[[ DATA EXCERPTS, beginning ]]
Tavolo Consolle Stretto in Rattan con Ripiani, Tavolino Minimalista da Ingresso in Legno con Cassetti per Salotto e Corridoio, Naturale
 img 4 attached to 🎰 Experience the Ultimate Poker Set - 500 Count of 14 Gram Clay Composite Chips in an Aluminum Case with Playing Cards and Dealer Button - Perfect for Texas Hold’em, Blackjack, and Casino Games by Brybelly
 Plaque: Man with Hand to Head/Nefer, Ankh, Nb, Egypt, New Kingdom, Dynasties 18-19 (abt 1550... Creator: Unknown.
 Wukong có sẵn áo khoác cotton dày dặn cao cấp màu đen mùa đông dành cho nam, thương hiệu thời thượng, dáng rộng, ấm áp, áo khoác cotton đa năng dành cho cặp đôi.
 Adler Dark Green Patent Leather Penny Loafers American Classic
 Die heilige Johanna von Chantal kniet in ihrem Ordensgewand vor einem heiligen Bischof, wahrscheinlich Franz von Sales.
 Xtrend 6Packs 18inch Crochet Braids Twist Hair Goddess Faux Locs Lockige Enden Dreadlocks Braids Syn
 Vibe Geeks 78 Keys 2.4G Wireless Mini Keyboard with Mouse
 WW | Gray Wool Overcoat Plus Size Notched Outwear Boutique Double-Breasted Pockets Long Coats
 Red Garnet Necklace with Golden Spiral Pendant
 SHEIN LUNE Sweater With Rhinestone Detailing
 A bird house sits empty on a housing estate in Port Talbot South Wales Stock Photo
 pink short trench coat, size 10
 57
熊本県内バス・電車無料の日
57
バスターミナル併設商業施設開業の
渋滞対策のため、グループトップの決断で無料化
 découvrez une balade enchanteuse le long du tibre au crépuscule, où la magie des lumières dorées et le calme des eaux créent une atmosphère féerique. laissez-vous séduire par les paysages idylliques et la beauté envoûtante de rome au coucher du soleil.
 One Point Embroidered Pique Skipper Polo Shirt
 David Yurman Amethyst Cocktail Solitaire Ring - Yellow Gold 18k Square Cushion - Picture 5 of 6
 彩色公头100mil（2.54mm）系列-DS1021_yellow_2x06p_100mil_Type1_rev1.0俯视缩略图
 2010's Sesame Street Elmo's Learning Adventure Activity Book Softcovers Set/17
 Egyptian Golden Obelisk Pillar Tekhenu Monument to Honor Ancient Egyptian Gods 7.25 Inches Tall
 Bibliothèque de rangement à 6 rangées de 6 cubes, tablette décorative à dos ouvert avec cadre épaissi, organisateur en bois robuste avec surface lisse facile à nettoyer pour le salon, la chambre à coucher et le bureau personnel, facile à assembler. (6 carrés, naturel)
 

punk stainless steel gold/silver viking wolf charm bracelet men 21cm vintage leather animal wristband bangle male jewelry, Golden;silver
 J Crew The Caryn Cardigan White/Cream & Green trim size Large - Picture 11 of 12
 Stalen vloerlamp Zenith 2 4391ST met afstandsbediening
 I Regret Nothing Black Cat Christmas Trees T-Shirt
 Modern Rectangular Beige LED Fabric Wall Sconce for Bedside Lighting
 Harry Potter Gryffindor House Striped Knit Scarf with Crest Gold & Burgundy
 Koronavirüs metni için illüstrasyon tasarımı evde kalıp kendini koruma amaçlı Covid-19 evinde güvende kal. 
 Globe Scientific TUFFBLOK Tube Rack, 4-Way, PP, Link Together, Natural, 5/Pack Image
[[ DATA EXCERPTS, end ]]
> DIRECTIONS:
Wherever the word "Picture" appears in the entries above, copy that line.

> EXPECTED OUTPUT:
 David Yurman Amethyst Cocktail Solitaire Ring - Yellow Gold 18k Square Cushion - Picture 5 of 6
 J Crew The Caryn Cardigan White/Cream & Green trim size Large - Picture 11 of 12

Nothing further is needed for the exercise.